Para ajudar, um dia antes do acidente, ele teve 70% do seu equipamento de fotografia roubado na sala de imprensa do evento. No dia seguinte, quando ocorreria a largada oficial da corrida, ele estava de carro com mais quatro colegas de trabalho. Cada um deles desceu do veículo e ficou em um ponto específico para fotografar.

“Esse meu amigo ficou no primeiro ponto. Quase que eu fiquei nesse local. O cara que estava dirigindo o carro foi deixando cada um em um lugar e depois passaria para nos recolher. Eu fiquei uns cinco, seis quilômetros à frente. Foi então que fiquei sabendo pelo rádio que algumas pessoas tinham sido atropeladas e uma delas, morrido. Depois descobri que tinha um brasileiro no meio. Então pensei, 'putz, foi exatamente no lugar onde o meu amigo ficou'”.

Um piloto, que estava competindo, havia errado uma curva. “Havia muita poeira, o cara passou reto e atropelou quem estava na saída da curva, um lugar em que é proibido ficar. Meu amigo estava passando de um lado para o outro nessa hora... Ainda bem que ele estava de pé, porque conseguiu dar um passo para o lado e foi o que salvou sua vida, senão ele seria o primeiro a ser atropelado”. Quando o motorista do carro que deixou Maragni e seus colegas no deserto ficou sabendo do acidente, ele foi imediatamente para o hospital e esqueceu o fotógrafo paulistano no meio do nada.

“Foi um dia super difícil, porque eu já tinha sido roubado antes, estava sem passaporte, não tinha dinheiro, não tinha telefone, tinham roubado tudo. E eu fiquei lá, esperando... Nisso passou uma hora, duas horas, três horas e começou a anoitecer.
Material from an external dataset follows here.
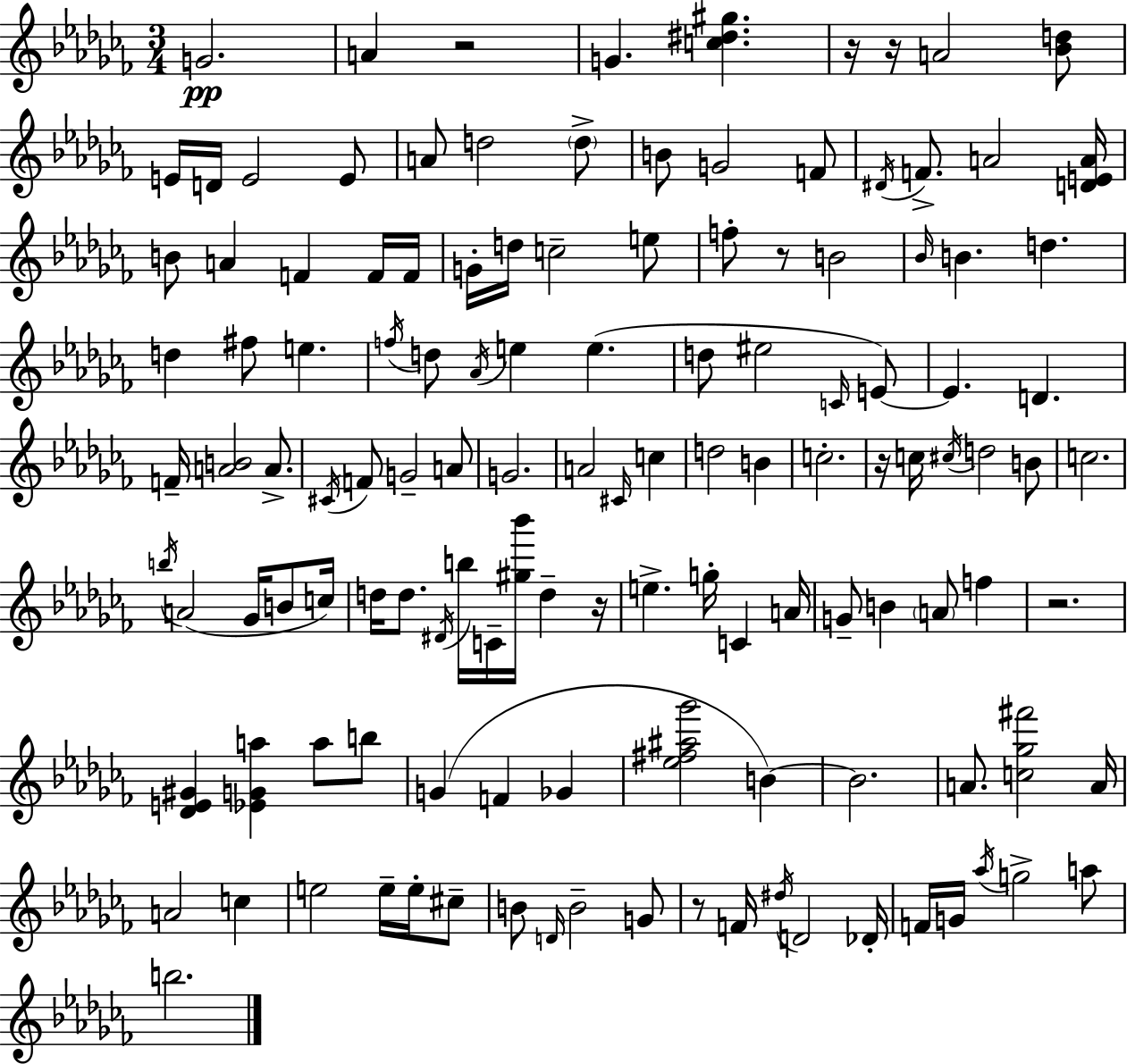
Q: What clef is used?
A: treble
Foi então que consegui uma carona com um carro da polícia, que estava passando por ali. Voltei até onde estava esse meu amigo, vi que ele não estava mais lá e fui até a delegacia da cidade. Lá tive a informação de que ele realmente era o brasileiro que tinha sido atropelado e descobri que estava em um hospital a 100 quilômetros dali. Consegui uma carona em um ônibus e fui direto para encontrá-lo. Vi que estava bem e um colega ficou fazendo companhia para esse meu amigo. Nessa noite, dormi apenas uma hora e no dia seguinte dirigi mais 500 quilômetros para fotografar. Era a minha primeira vez no Dakar e a Red Bull só tinha eu de fotógrafo.

Eu precisava enviar as fotos, não podia falhar. Foi superdifícil, mas no fim deu tudo certo”. Hoje, o amigo de Maragni está bem e já fez três cirurgias no joelho, por conta do acidente.
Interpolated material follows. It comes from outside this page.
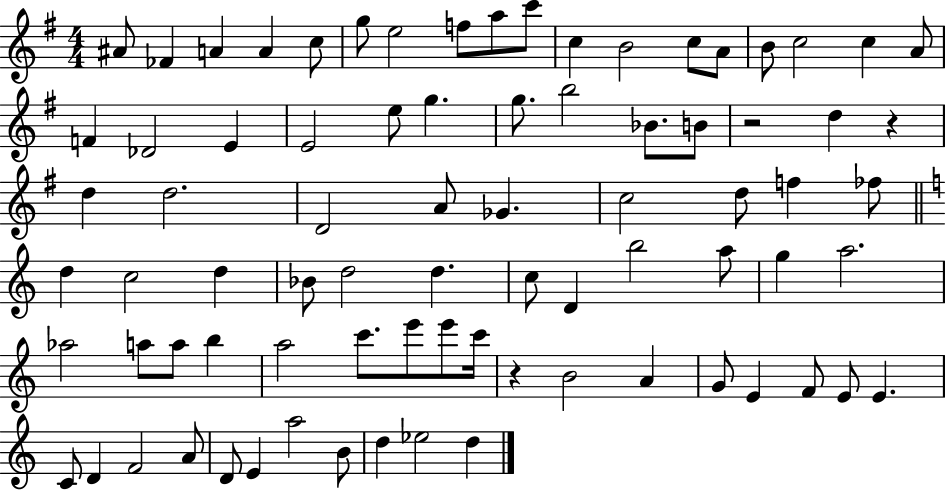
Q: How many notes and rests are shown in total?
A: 80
“Uma foto não vale mais que a minha integridade física”

O paulistano afirma que a profissão que escolheu vale a pena, apesar dos riscos que corre. “Mas uma foto não vale mais do que a minha integridade física”, ressalta. Ele explica que procura se poupar, toma cuidado e avalia se a situação em que se encontra para fazer os melhores cliques é muito perigosa. “Mas também não fico com aquele medo sem propósito, do tipo 'se eu tenho medo de altura não vou subir naquela montanha'. Isso não. Mesmo porque, é uma coisa totalmente fria e calculada. Qual é o risco nessa situação, por exemplo? Cair. Se eu estou amarrado corretamente na corda, não vou cair e pronto. É algo científico, no fim das contas. Sempre penso: vai ficar perigoso? Se ficar, então eu não vou”, finaliza.